Quarterly report pursuant to Section 13 or 15(d)

Subsequent Events

v3.19.2
Subsequent Events
9 Months Ended
May 31, 2019
Notes to Financial Statements  
Note 9: Subsequent Events

The Company granted 215,000 incentive stock options to employees with a weighted average grant-date exercise price of $0.45, which vest over a service period of 48 months. The stock options were valued using the Black-Scholes option-pricing model.

 

The Company issued 163,888 shares of common stock as repayment of $65,000 in principal from the March 2019 convertible notes at a weighted average effective conversion rate of $0.3966.

 

The Company entered into a $325,000 promissory note to one of its majority shareholders, effective June 4, 2019, with no maturity date and carrying a coupon rate of 5% per annum. In as much as after discussing the aforementioned promissory note with the Company’s counsel, management does not believe the aforementioned loan violates the Sarbanes Oxley Act (the “Act”). However, since the recipient is one of the majority shareholders it could be construed as a violation of the Act, therefore the Company is pursuing remedies to cure this uncertainty by repurchasing shares of common stock in satisfaction of the aforementioned loan.

 

On June 7, 2019, and June 10, 2019, the Company received notices from two of its institutional investors that the Company was in default due to missed principal and interest payments under the terms of the Notes. On June 27, 2019, the Company reported that is has informed its convertible note holders that it will cease honoring conversion requests of the 2018 and 2019 Notes forcing a voluntary default of these instruments. The Company is pursuing a renegotiation and amendment of these instruments in an effort to avoid litigation. The Company is requesting to amend the terms of the notes to remove the conversion features and revise the cash amortization schedule to be more in alignment with the Company’s improving cash flow, among other items.

 

On June 3, 2019, one of its institutional investors filed claim in the United States District Court, Southern District of New York seeking preliminary injunctive relief against the Company to immediately deliver one million shares of the Company’s common stock and to honor all future conversion requests duly submitted in accordance with the terms of the notes.
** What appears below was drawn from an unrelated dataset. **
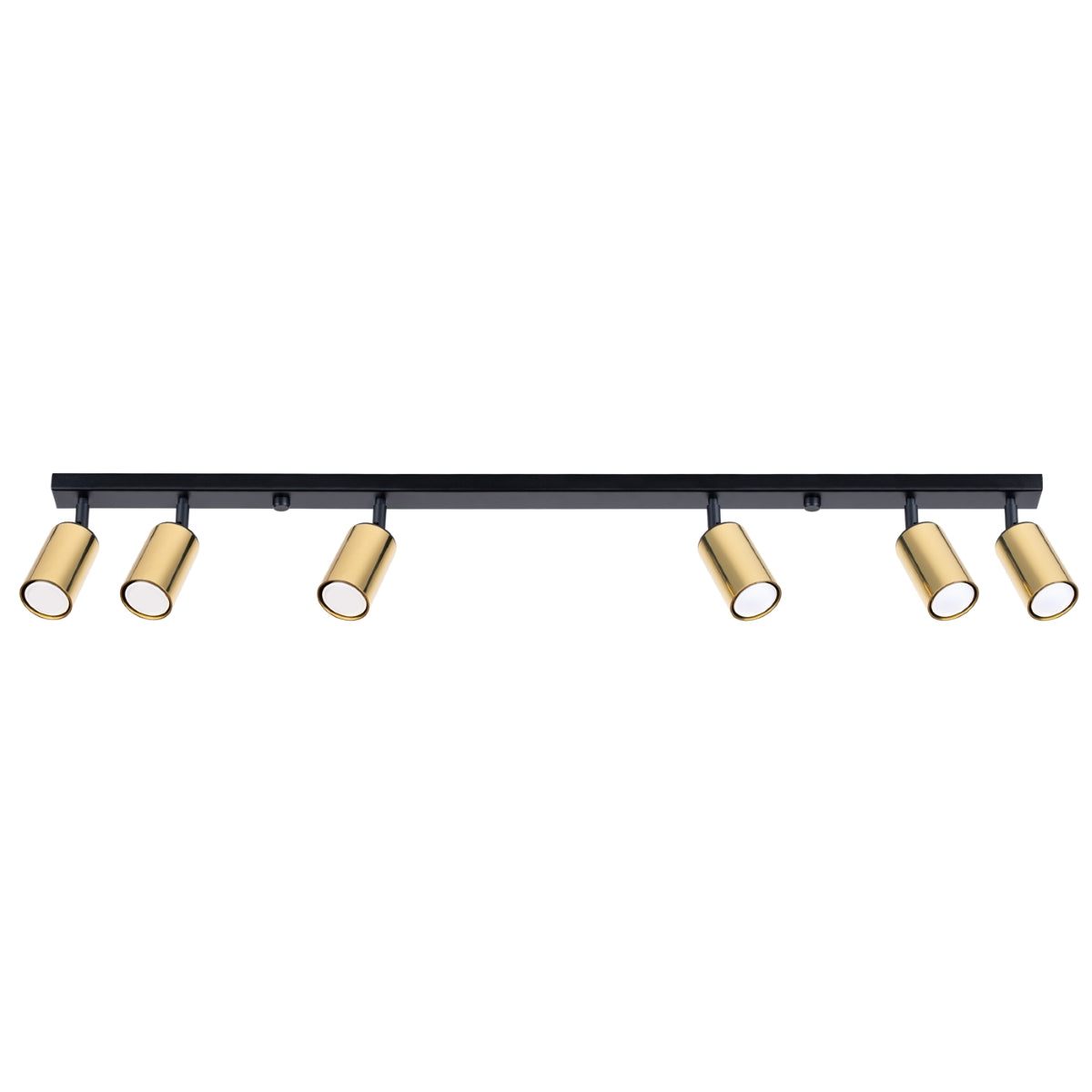 Deckenleuchte WINX 6L black/gold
The Company has been served on July 10, 2019. The claim will be heard by the court on July 24, 2019.

 

On July 9, 2019, the Company’s board of Directors authorized the repurchase of up to 10 million shares of our outstanding common shares as market conditions warrant over a period of 18 months.

 

Management has evaluated subsequent events pursuant to the issuance of the interim unaudited consolidated financial statements and has determined that other than listed above, no other subsequent events exist through the date of this filing.